ちなみにこの男たちのリーダーは韓国人の俳優によって演じられている。
小川順子の歌う「夜の訪問者」が突如流れる。花火が打ち上げられる。1975年の昭和時代、人々は何を想いこの曲を聴いていたのか。
俳優という職業は「稽古」と「舞台での演技」という作業の繰り返し、しかも「世界の果てからこんにちは」は同じ構成で1982年から繰り返し行われている。しかしその繰り返し、思考状態を維持する緊張こそが俳優業の生き様なのかもしれない。
鑑賞後、これらの俳優と生で舞台を通して時間を共有できた喜びで心が一杯になった。そして1つの疑念がつっかえる。「歴史に、記憶におさらばはできない」と。
8月26日(日)2日目
「トロイアの女」
構成・演出:鈴木忠志
原作:エウリピデス
西洋文化の発祥の地、ギリシャが生んだ文化遺産「ギリシャ悲劇」を鑑賞するのは初体験。ストーリーはまったくの無知。事前の情報収集で分かったいた内容はこれくらい。
トロイア落城後、生き残った女性たちだけがギリシャへ奴隷として連れて行かれるのを待っている情景が描かれている。
戦争という残酷さ、そしてトロイアのような文明が消える惨さ、女性たちがすべて連行される様子は子孫の断絶を意味する。この状況下における人間の恐怖、怒り、悲しさ、言葉では到底表現できない感情が全身全霊、声とカラダで表現される。その発せられるエネルギーに思わずのけ反ってしまった。
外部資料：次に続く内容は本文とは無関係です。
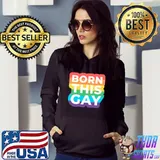 Awesome born This Gay Pride Month Rainbow Flag LGBT T-shirt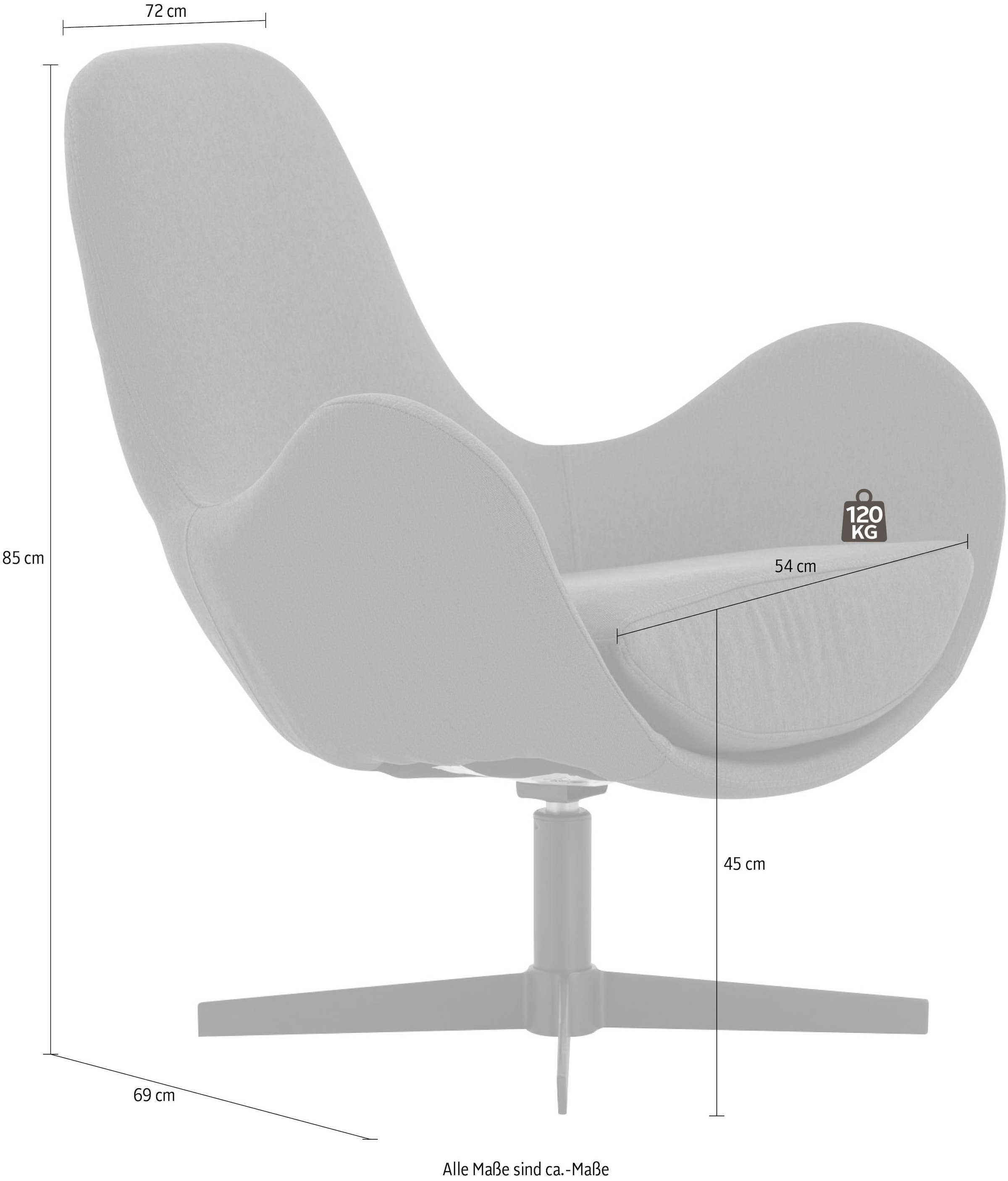 SalesFever Drehsessel, Relaxsessel in moderner Optik bestellen | BAUR | Funktionssessel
(ところで、俳優の太腿やふくらはぎに宿る筋肉、動きのしなやかさと力強さは、
稽古における俳優の肉体との不断の戦いを感じさせられた。)
この情景は何千年も前のことであるが、至る国の敗戦後の心情を写しだしているように思われた。そしてそれがまさにいまそこで起こっているようにリアルに伝わってくる。
今回の世界演劇祭で鑑賞した演劇を通して、SUZUKIメソッドに触れて、大変刺激をもらった。そして、西洋と日本、またアジアの国々との空間、歴史の時間を超えても存在しうる「人間の持つ不変性とは何か」について考えさせられた。
鈴木氏曰く、「人間には大きくわけて二通りのタイプが存在する。目標到達に70%のところで満足する人。そこから目標到達まで努力する人。この30%を何とかしようとするところに人間のエネルギーが宿るのだ」
SCOT軍団に宿るこの精神性こそが人々を魅了する源泉なのではないか。
自分は、もちろん前者。
そうそう、もうひとつ、鈴木氏のトークから。「自分はできないとへりくだるのはいいが、開き直る人がいる。これはもうダメ」
さて、来年は、日本・ロシア共同開催で「シアターオリンピックス」が利賀/黒部で行われる。今年SCOT T-shirtを買えなかったので、来年は仲間入りできるか。この1年の過ごし方で判断してみよう。